Data for this task below:

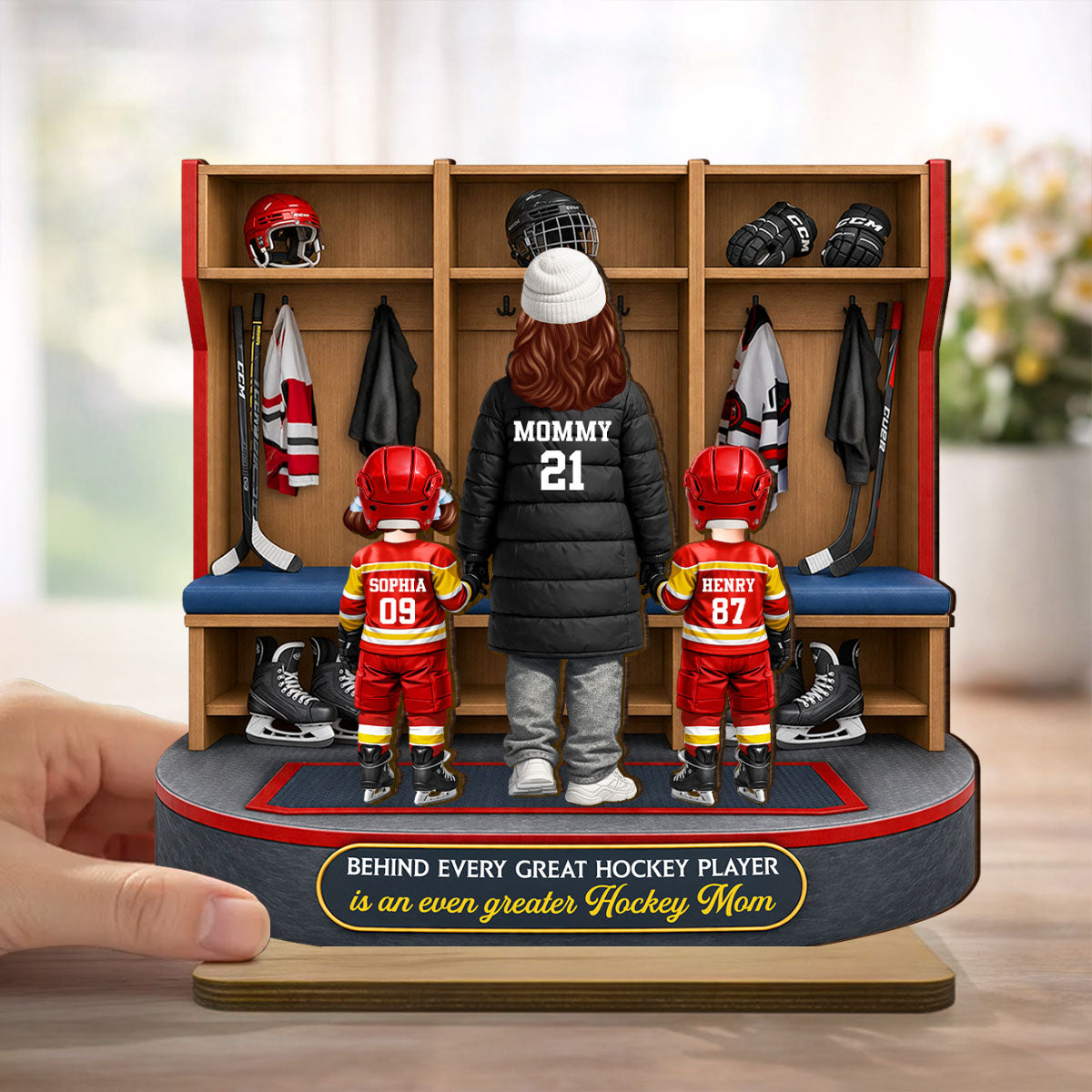 Hockey Mom And Kids Locker Room - Personalized 2-Layered Wooden Plaque - Mother's Day Gift For Hockey Mom, Gift For Wife
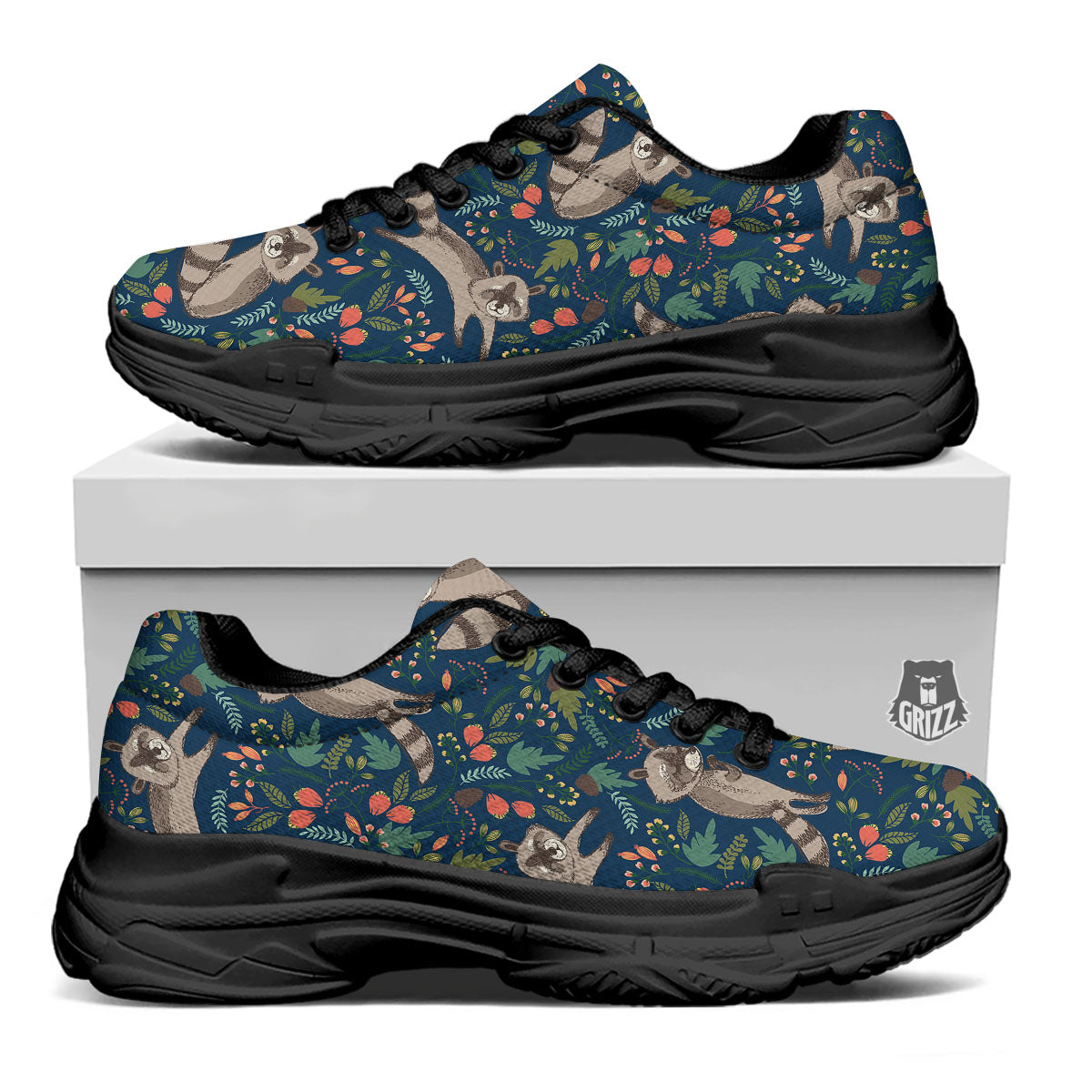 Floral And Raccoon Print Pattern Black Chunky Shoes-grizzshop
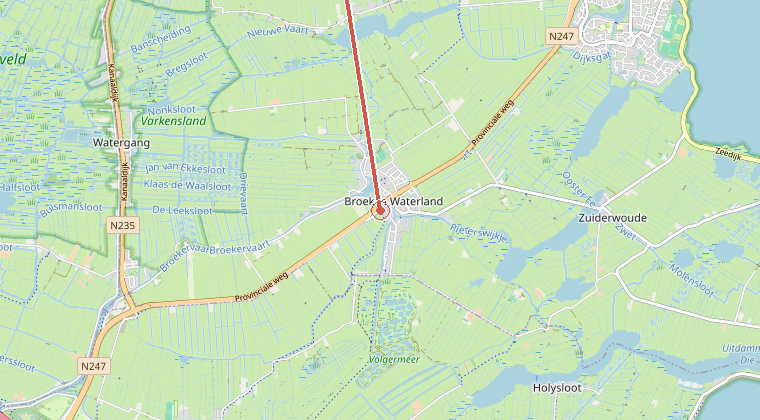 Kaart van de omgeving van de melding, met de kazerne die is gealarmeerd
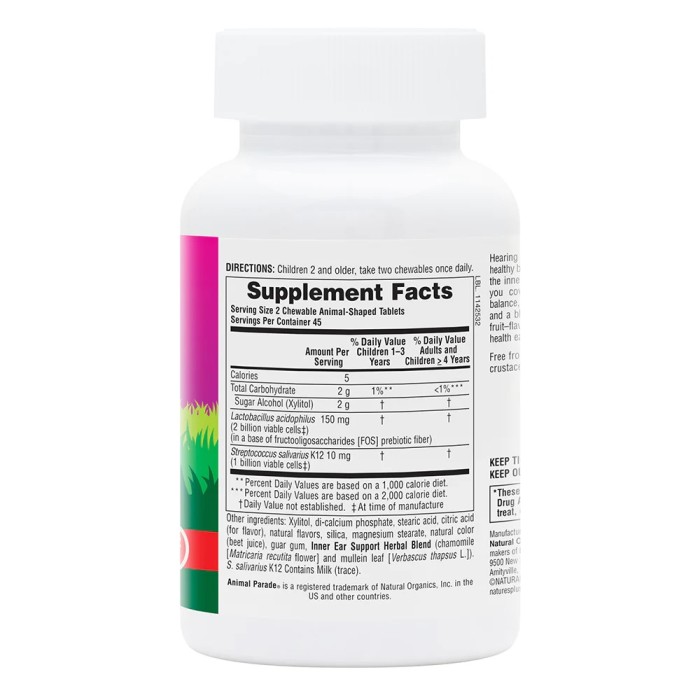 Пробіотики і пребіотики Natures Plus Animal Parade Children’s Inner Ear, 90 жувальних таблеток Вишня
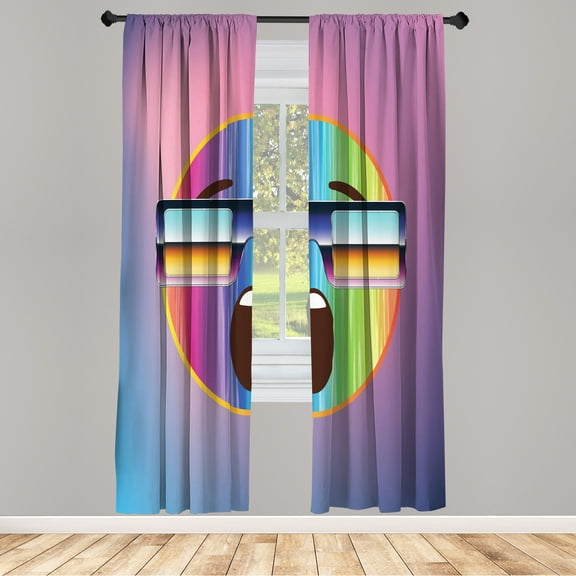 Ambesonne Emoji Art Curtains, Colorful Surprised Face, Pair of 28"x95", Soft Pink Mustard Blue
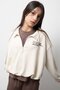 Brown Girls' Zippered Cardigan with Lettering Print and Wide-Legged Trousers 3-Piece Set 24835 - 5
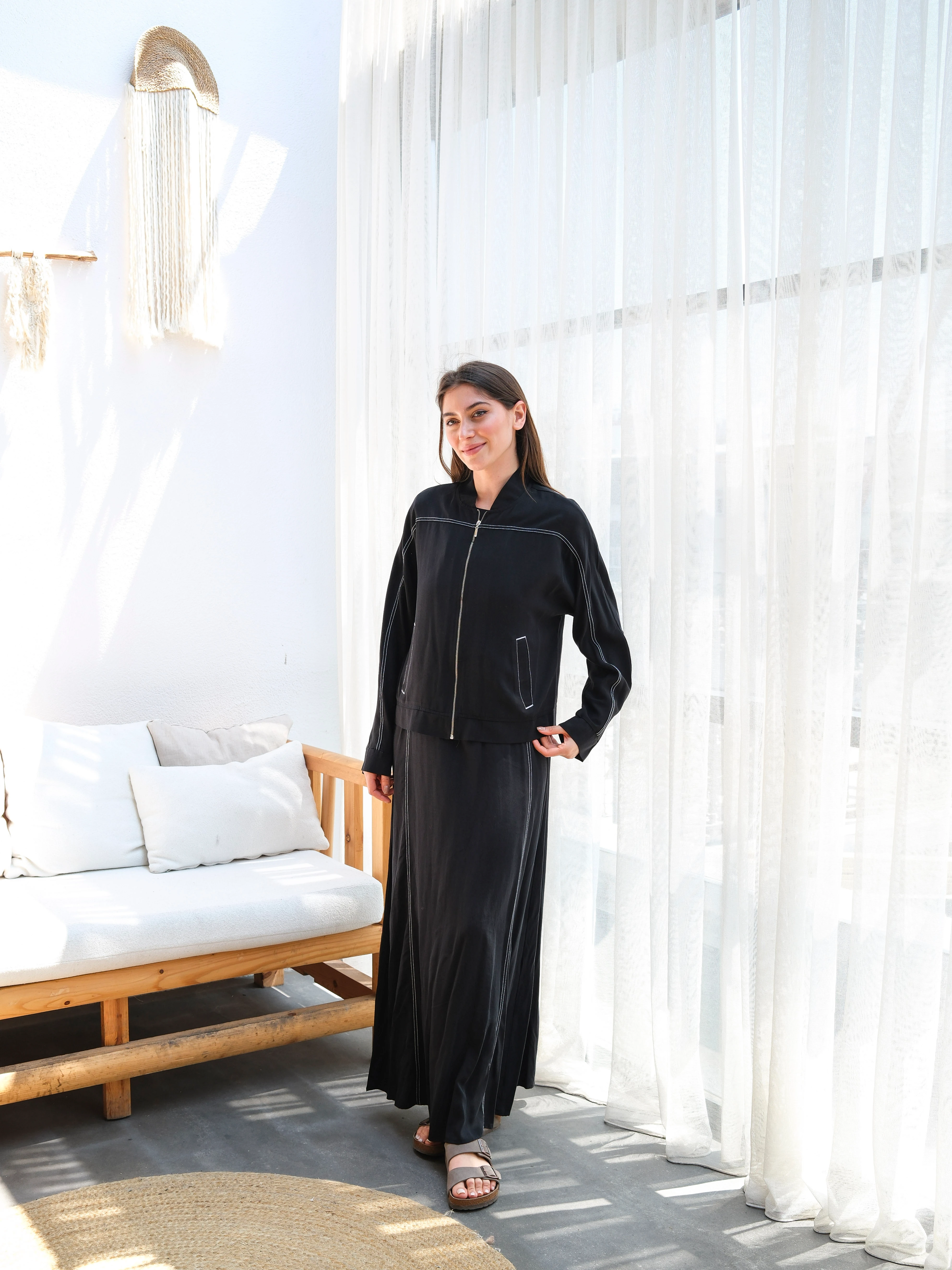 Tensel Zarif Dikiş Detaylı Rahat Kesim İkili Elbise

End of Data for this task.

> _Task details_: When printing the entries, leave out the images and keep everything else exact.

> _Answer area_:
 Hockey Mom And Kids Locker Room - Personalized 2-Layered Wooden Plaque - Mother's Day Gift For Hockey Mom, Gift For Wife
 Floral And Raccoon Print Pattern Black Chunky Shoes-grizzshop
 Kaart van de omgeving van de melding, met de kazerne die is gealarmeerd
 Пробіотики і пребіотики Natures Plus Animal Parade Children’s Inner Ear, 90 жувальних таблеток Вишня
 Ambesonne Emoji Art Curtains, Colorful Surprised Face, Pair of 28"x95", Soft Pink Mustard Blue
 Brown Girls' Zippered Cardigan with Lettering Print and Wide-Legged Trousers 3-Piece Set 24835 - 5
 Tensel Zarif Dikiş Detaylı Rahat Kesim İkili Elbise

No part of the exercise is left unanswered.